After the war, apartment dwelling dropped in popularity as families moved into the suburbs, and renting began to seem like a brief aberration on the route to the permanency of homeownership.

Now, however, higher home costs and the amenities of renting are prompting some people to opt for long-term rental again, say building managers and rental agents.

High mortgage costs are one reason, but the charms of their neighborhood and hassle-free maintenance paid for by the landlord are also influencing people in the Chicago area to stay in the same apartments a little longer than the national average.

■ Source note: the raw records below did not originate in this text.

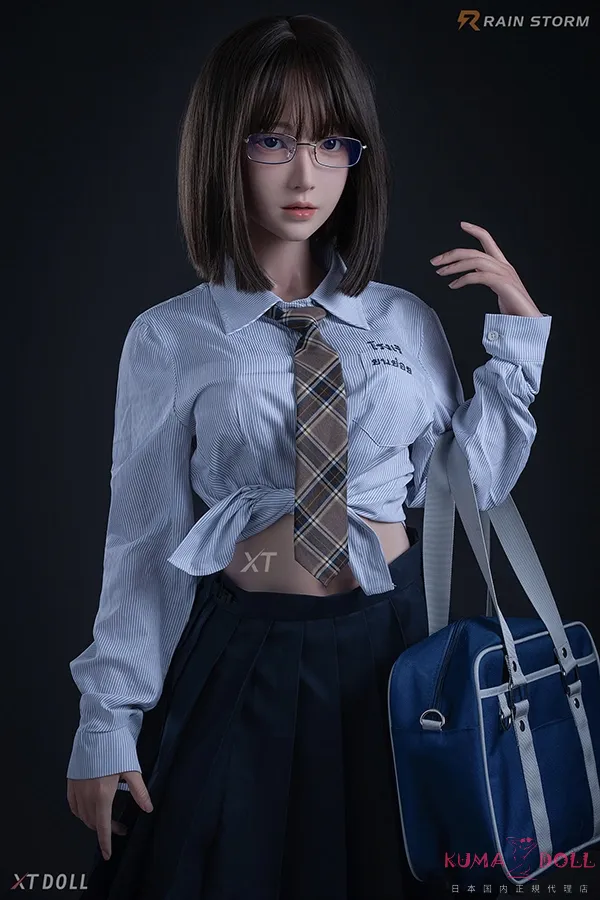 XTDOLL Asumi 157cm Dカップ ギャラリー画像 8：157cm Dカップ × 水色シャツ の学園ポーズカットです。Asumi ヘッドの清楚系の表情に、水色シャツ×清楚系JKの親しみやすいスタイリングが調和し、XTDOLL の小柄JK元気系コンセプトを最も体現する1枚となっています。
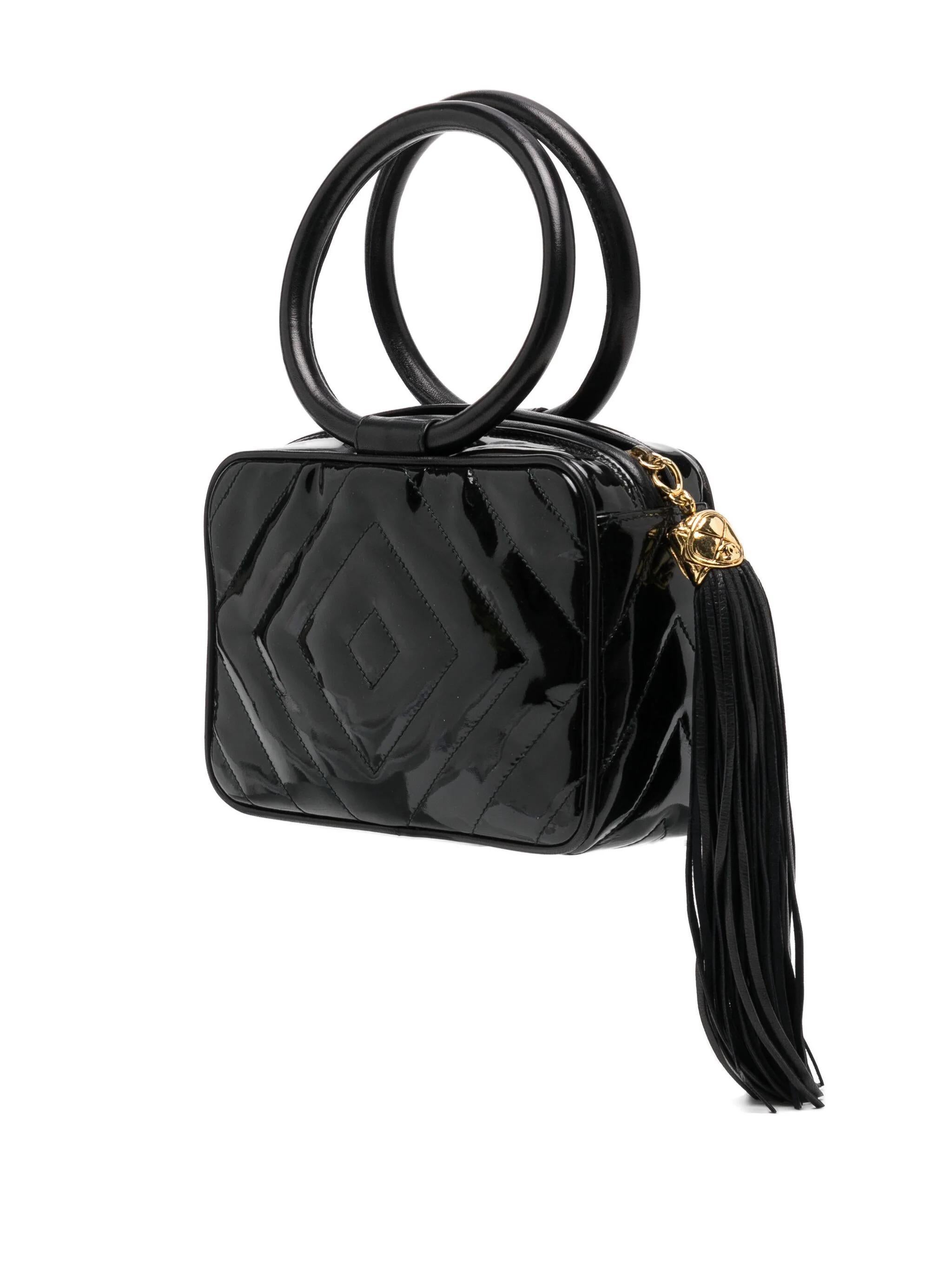 Chanel 1991 Vintage Kreis Top Handle Quaste Chevron Kamera Tote (Schwarz) im Angebot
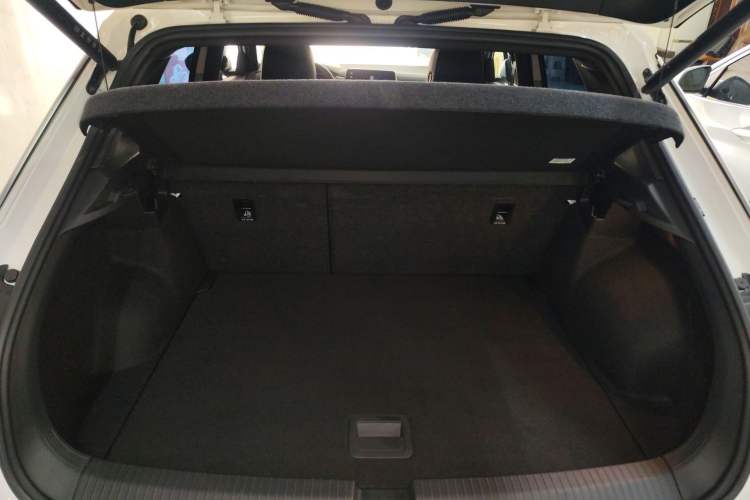 Used Volkswagen T-ROC 2024 300TSI DSG Two-Wheel-Drive Chen Guang Edition Trunk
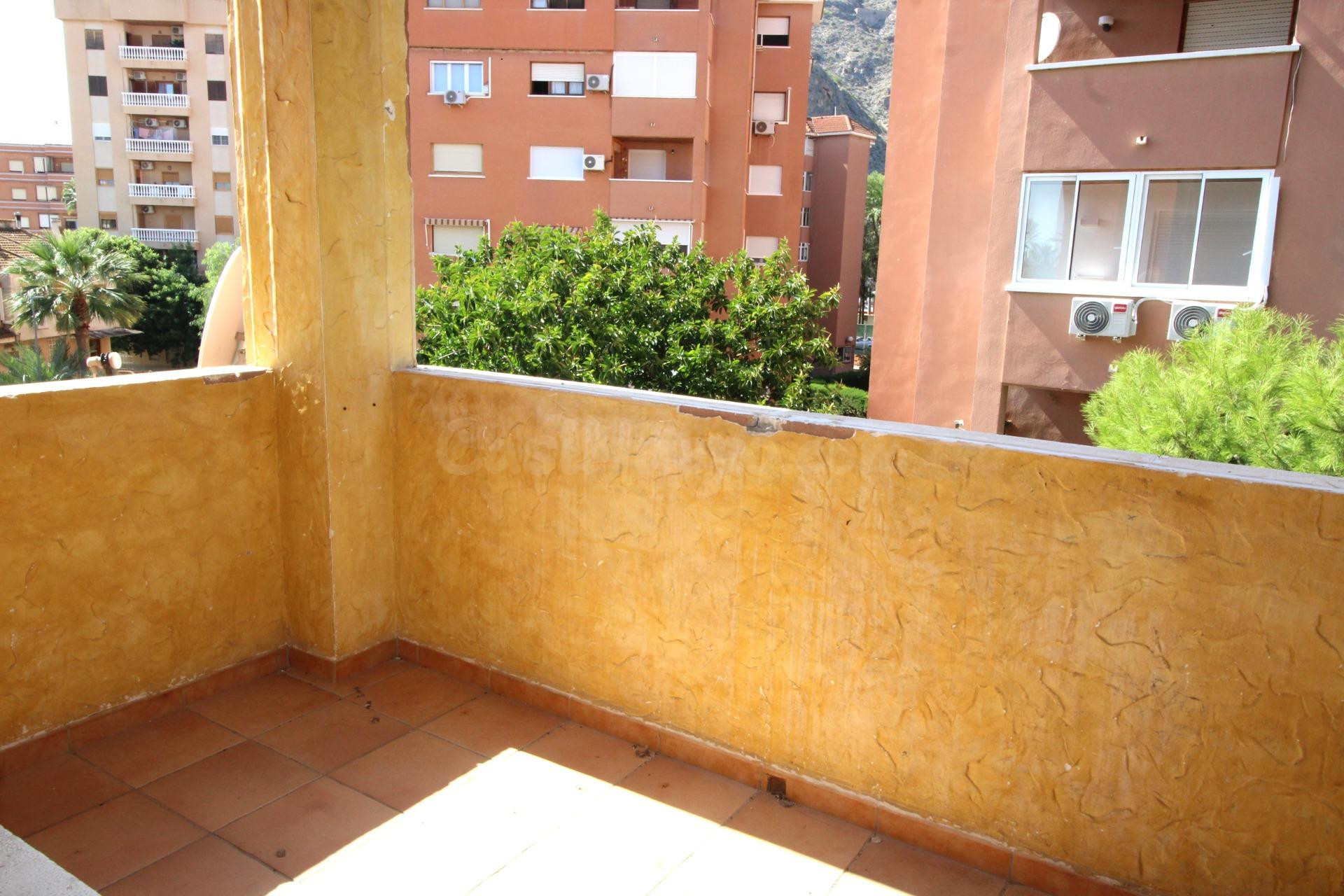 Amplio piso familiar en el corazón de Orihuela, Alicante - foto 2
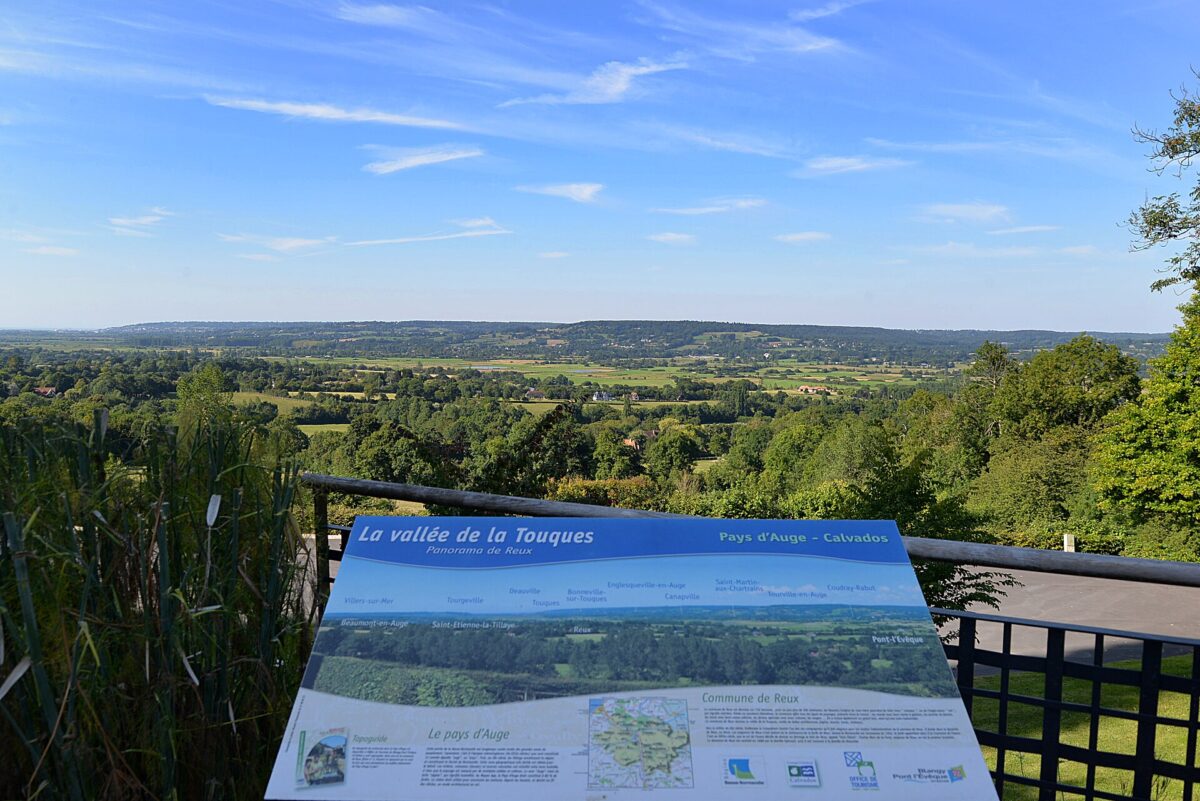 La vallée de la Touques vue de Reux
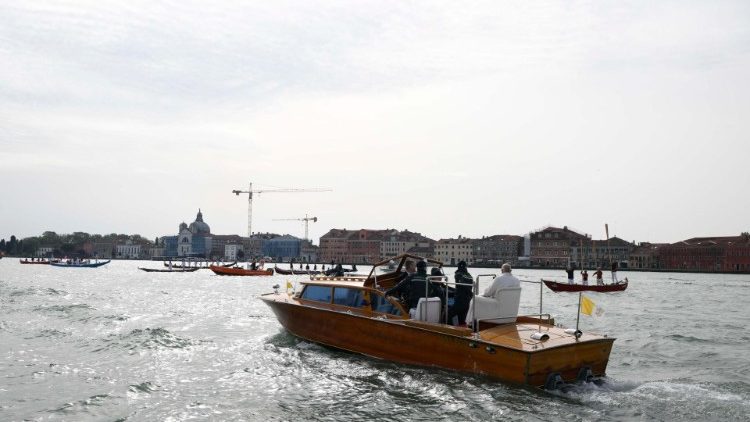 Visita pastoral do Papa a Veneza - chegada de Francisco para Encontro com os jovens (Vatican Media)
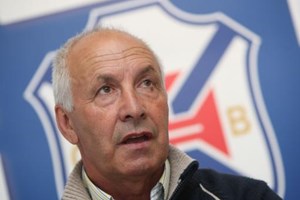 Morreu António Dominguez, antigo treinador adjunto do Belenenses e do Sporting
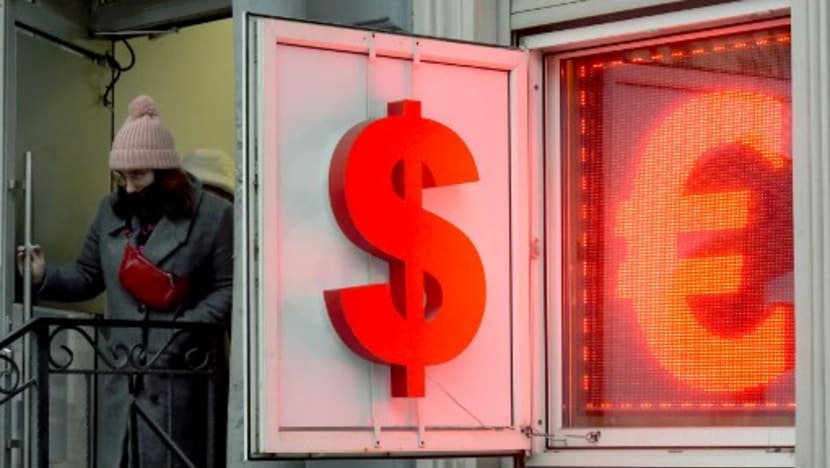 What's a reverse currency war and who's fighting one? 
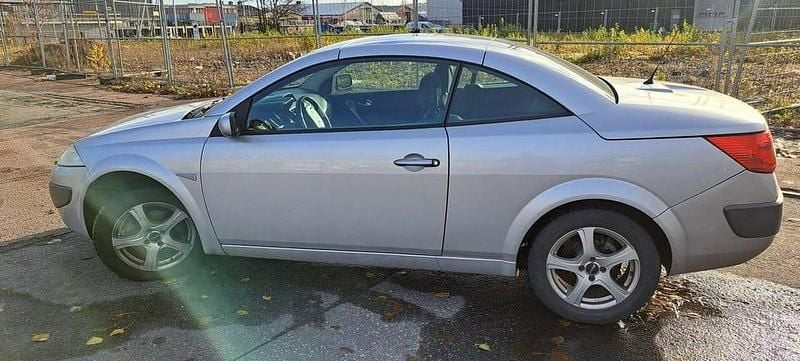 Ljusgrå (grå) Begagnad 2007 Renault Mégane Cabriolet Cab | 26 500 kr (Marknadspris) - Bild 1/4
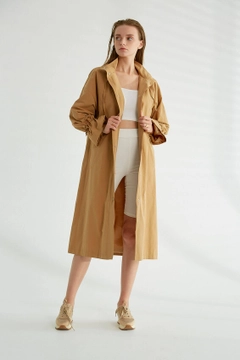 Bir model, Robin toptan giyim markasının 3359 - Camel Trenchcoat toptan Trençkot ürününü sergiliyor.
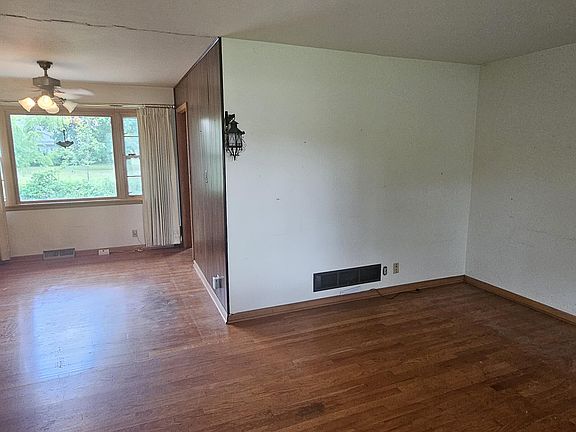 3rd image of 8622 Christopher Dr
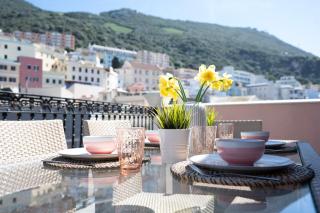 Grand Central House - Luxe Penthouse Studio - GibraltarStay Apartments - 8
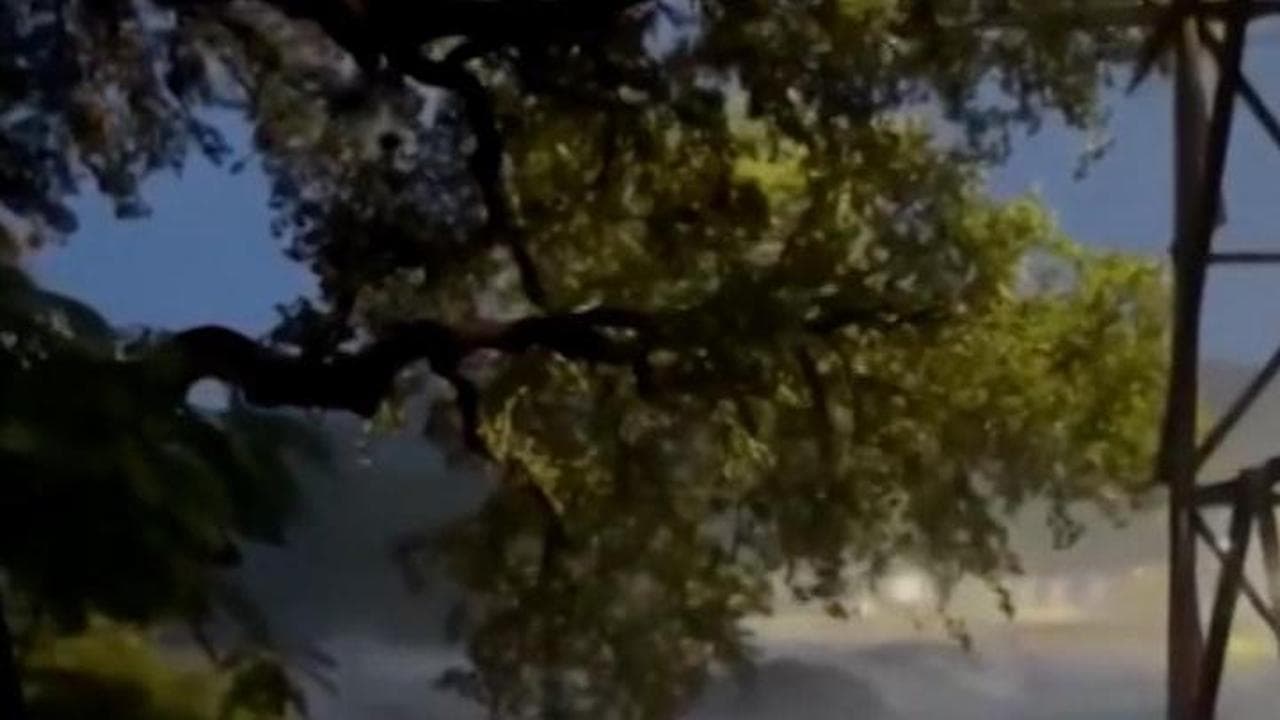 Inondazione in Texas, le immagini del fiume Guadalupe che sommerge tre contee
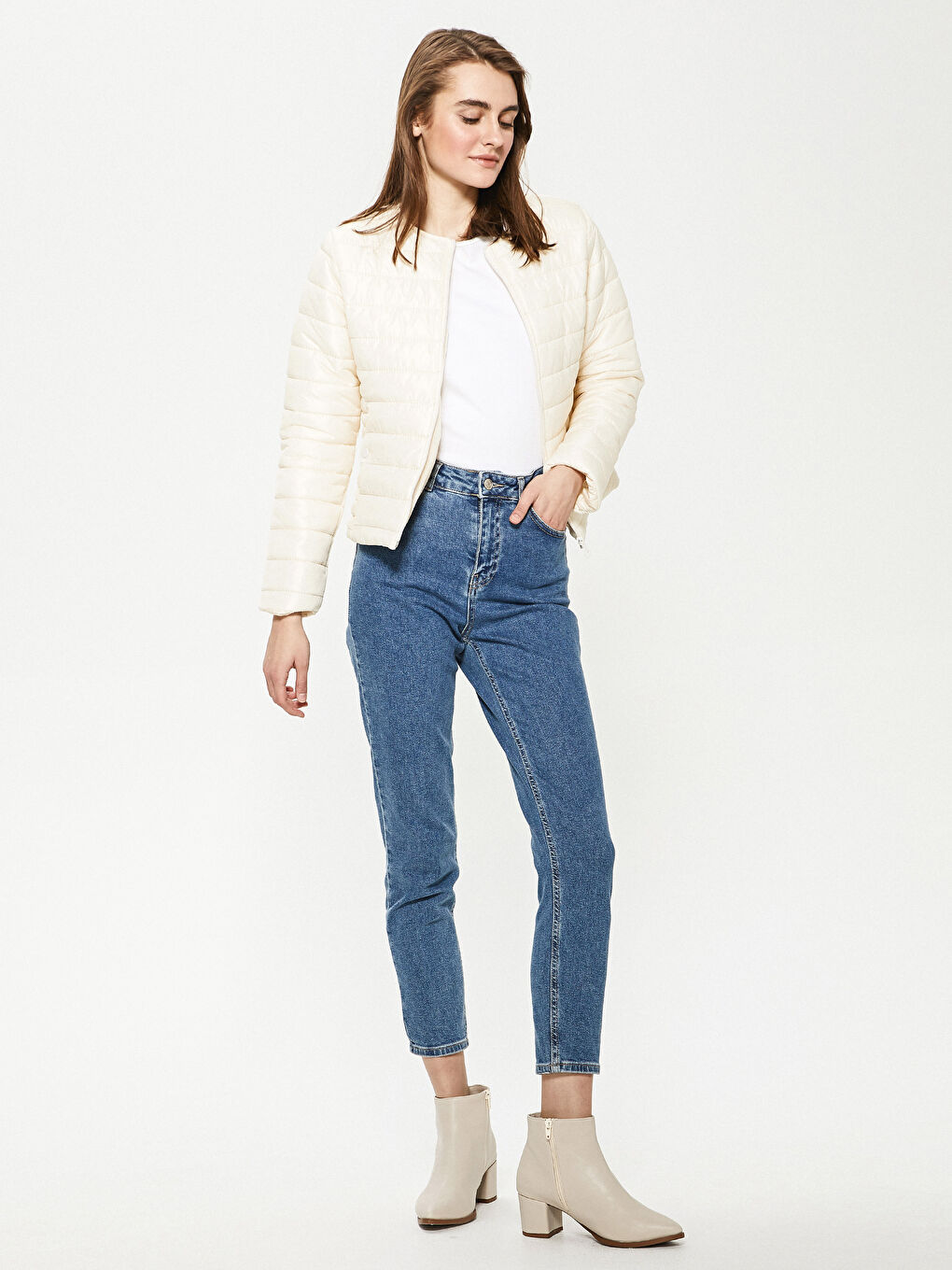 Bej Bisiklet Yaka Cep Detaylı  Kadın Şişme Mont-3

Area Realtors say it`s not unusual for people to stay in the same apartment or more than five years, although long-term leases are still unusual. The trend toward long-term apartment dwelling has never returned to its pre-World War II popularity, according to the Chicago-based National Association of Realtors, but it may be gaining some ground.

”There are lots of people who stay for long periods,” says Jim Watts of the Habitat Co., a Chicago apartment management company. ”In some of our buildings, we`ve had people stay for 20 years.”

Long-term kind of town

In general, Chicago area renters stay in their apartments longer than people in other regions of the country, according to the Washington, D.C.-based National Apartment Association, a non-profit trade association that represents owners, developers, management companies, investors and lenders to the multi-family housing industry. That organization`s figures indicate that the annual turnover rate in apartment buildings without elevators is 54 percent in the Chicago area, compared to 65 percent for the nation as a whole. The reasons for this are unclear to the organization that detected the trend, but one Chicago-area residential housing consultant believes it may have something to do with the city`s higher proportion of ethnic groups.

”Some ethnic communities do have a higher propensity to rent than to buy,” said consultant Tracy Cross.

There is also a trend developing among the managers of new downtown-area luxury apartment buildings, such as River City and the ParkShore, to offer first-time renters long-term leases, some lasting up to 26 months.

There are benefits in such leases for both sides. Managers use the special offers of fixed rents to help fill vacant apartments in new buildings, while renters get the advantage of stability and a locked-in rent for the next two years.

Long-term leases being offered in the Chicago area today are coming mainly from managers of new luxury or high-end apartment developments. The long-term leases are being offered as incentives in what`s being described as a buyers` market, and they generally assure renters that their rents will stay lower than if they had short-term leases, managers say.

A renter`s market

Michael Parke, chairman of Omnibus Harbor Realty Group, which manages more than 20,000 units in Chicago, says such long-term leases are being used to lure more sophisticated and mobile renters to stay in one place for a longer time.

”It`s a buyers` or renters` market right now,” Parke says. ”People seem to be looking for longer term leases, to stabilize things.”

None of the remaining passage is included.